Actors typically encapsulate a single concern; their boundaries are determined by discrete units of data and behavior that need to be updated concurrently.
In performing our analysis of the problem we must choose an appropriate granularity for our model. For example, if we were writing an instant messaging system, we might choose to use one process per user and not one process for every atom in the user’s body. – Joe Armstrong
Actors, of course, have limitations. The programming model at times might feel oppressively simplistic:
…this is a world in which everyone sits in a windowless room and communicates only by mail. –Rich Hickey
Which, to me, actually sounds very appealing when it comes to large-scale, parallel computing: the less I know, the better.
Something akin to the actor model was the original design conception behind object-oriented programming and early systems like Smalltalk. This designe emphasized a “tell, don’t ask” mantra that informed its architecture: to talk to an object, tell the object what behavior you want from it. Send messages, but don’t block for responses.
It’s easy to program a single actor, since it can be totally serial. When an actor receives a message, it doesn’t need to worry about concurrency. You can have a simple, stripped-down, serial language that runs inside each actor. The logic for receiving a message can consist of a simple pipeline of pure functions that transform data.
This internal, pure, serial language doesn’t need to be concerned with messy, real-world things like IO or async. It’s just a data transformation pipeline.
You can scale a parallel system from a single CPU to multiple CPUs, up to a network of closely connected servers over fiber, all the way to a larger composite network. This is because the way actors interact with each other – the message passing format – is the same in all situations.
Unlike object-oriented reference graphs, which are usually a tangled web of hierarchies and execution paths, the network diagram of a cluster of actors can be very clear and explicit.
A few of the most prominent industry-grade implementations of the actor model are Erlang, Elixir, and a JVM platform called Akka.
A Clojure article has a notable section about the actor model with an explanation of why the creator chose not to use it as a core principle of the language. It is a good discussion of some of the downsides of the actor model when you are mainly concerned with local, single-process concurrency.
A response to the above criticisms was made in a blog post from 2010, which describes some good counterpoints in defense of actors. A key point is that actors should never block: the response to a sent message must be handled by a separate message receiver. This principle is embodied in the mantra “tell, don’t ask”.
A very detailed and readable overview of Erlang, along with a history of its success using a variation of the actor model, is found in this 2003 paper by Joe Armstrong, the creator of the language.
Erlang implements the actor model fairly closely, where each “process” in Erlang corresponds to a concurrent actor, with a number of message receivers.
A key emphasis of Erlang is fault tolerance and error handling. In Erlang, actors don’t handle their own errors. You attach a monitor actor as an error handler to a worker. This way, the actor which performs real work contains more readable and intentional code describing its purpose; plumbing for error handling is offloaded to a different actor.

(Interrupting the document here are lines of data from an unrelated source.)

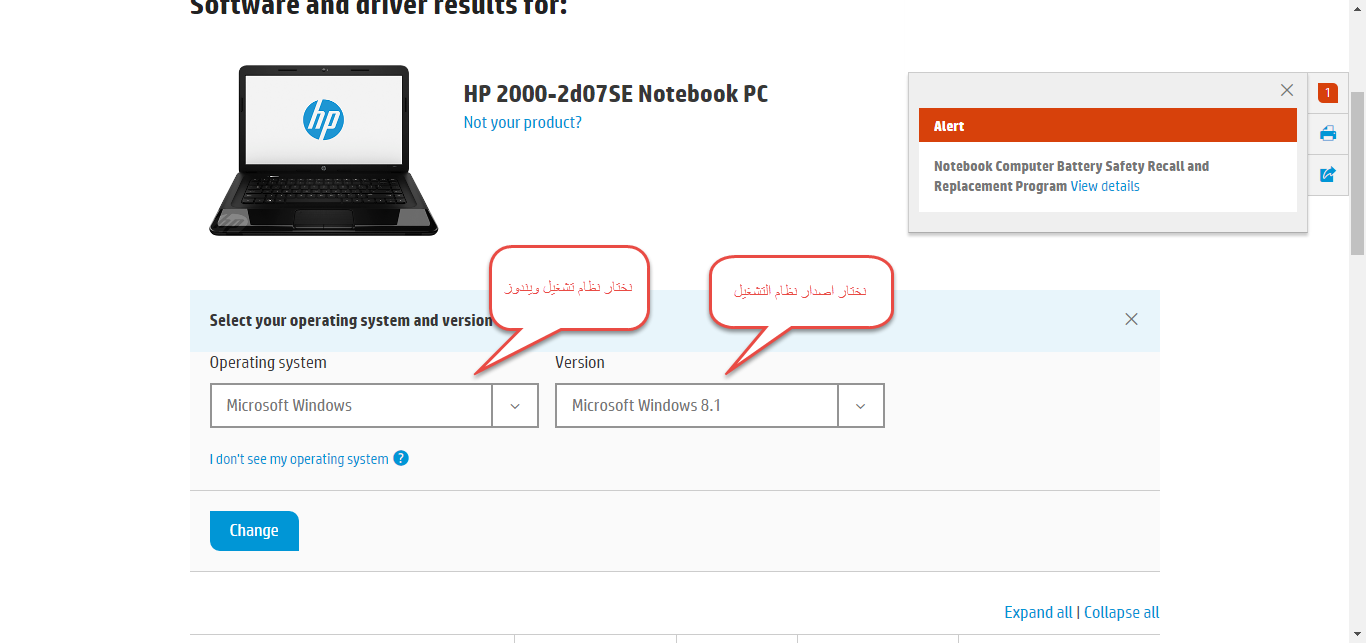 تحميل تعريف لاب توب hp 2000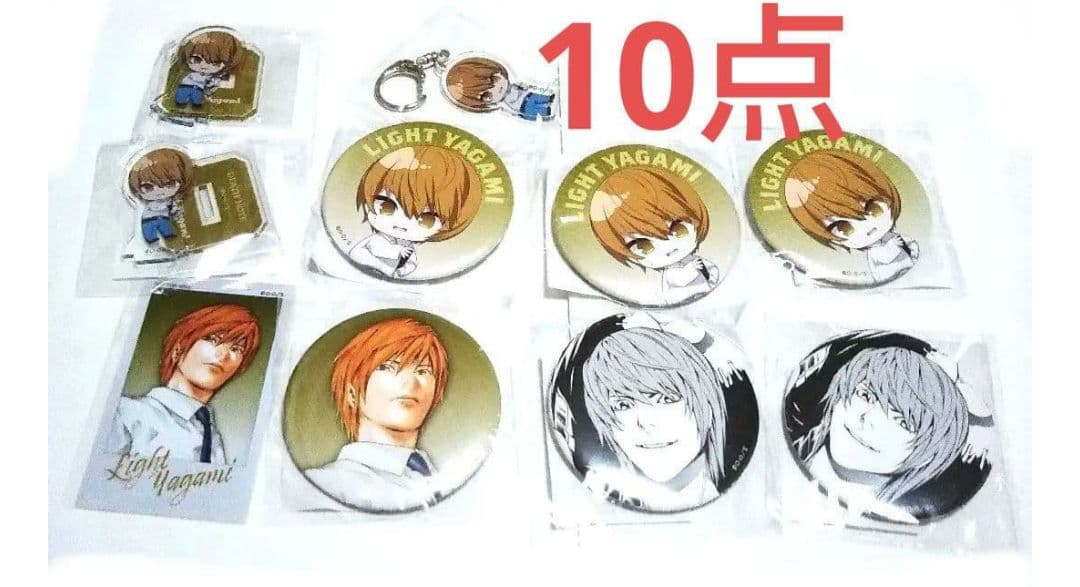 夜神月 10点セット デスノート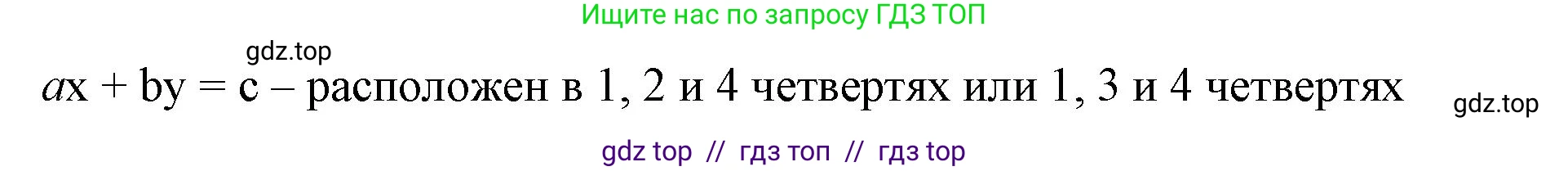 Алгебра, 7 класс Учебник, авторы: Макарычев Юрий Николаевич, Миндюк Нора Григорьевна, Нешков Константин Иванович, Суворова Светлана Борисовна, издательство Просвещение, Москва, 2023, белого цвета, страница 208, номер 1069, Решение 3 (продолжение 2)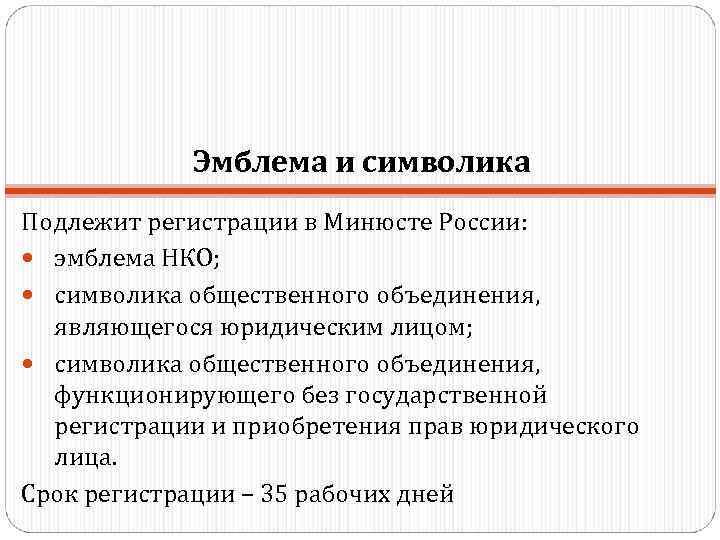   Эмблема и символика Подлежит регистрации в Минюсте России:  эмблема НКО;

Another key feature of Erlang fault tolerance is the tree hierarchy of supervisory actors. Supervisors are responsible for restarting child nodes when they crash according to a configured policy. Supervisors will stop their children when they are stopped by their parent, and they’ll restart a child when they crash. It seems to generally be true that resetting a system (thereby resetting its state) tends to fix most problems the majority of the time, so you may as well automate the process.
It’s important to note that Erlang has a mechanism for sending a message to another actor, and then blocking for the response. This is not an intrinsic part of the actor model and can cause race conditions (eg: A waits for B which waits for C which waits for A). It may be cleaner to have actors which can never block, and have different mechanisms for handling call and response, if needed.
Elixir is a modernized version of Erlang with a syntax that feels like Ruby. It runs on the same VM as Erlang and has most of the same principles and semantics as Erlang. For modern applications, Elixir is likely the preferred platform for a better dev experience (ie. more modern package management, CLI and interaction, and other tooling).
Akka is a JVM-based platform for the actor model with a handful of other concurrency mechanisms, such as data streams. It’s language agnostic, supporting Java and Scala.
Akka has great high-level documentation that describes many of the concepts behind actors. It seems to generally follow all the same design principles from Erlang and OTP.
It’s not clear that the JVM is a good candidate for hosting the actor model, considering it has a pre-existing concurrency model and centralized garbage collection. The Erlang VM is very much designed from the ground up for a very large number of concurrent, small actors.
It’s tempting to take the actor model all the way down to the hardware level, designing an entire stack around the idea. This has been attempted before in a number of examples.
The Cosmic Cube was a highly connected array of 64 processors, where each processor has a direct connection to 6 neighbor processors and each processor has 128kb of local memory. This machine was invented to solve lattice problems, and it seems unlikely that the setup would be good for general systems programming.
The Raspberry Pi Zero (typically about the price of a latte), is a tiny computer with a single 1ghz processor and 512mb of RAM. Building a cluster of hundreds of these would be relatively inexpensive, where each unit hosts one or more running actors.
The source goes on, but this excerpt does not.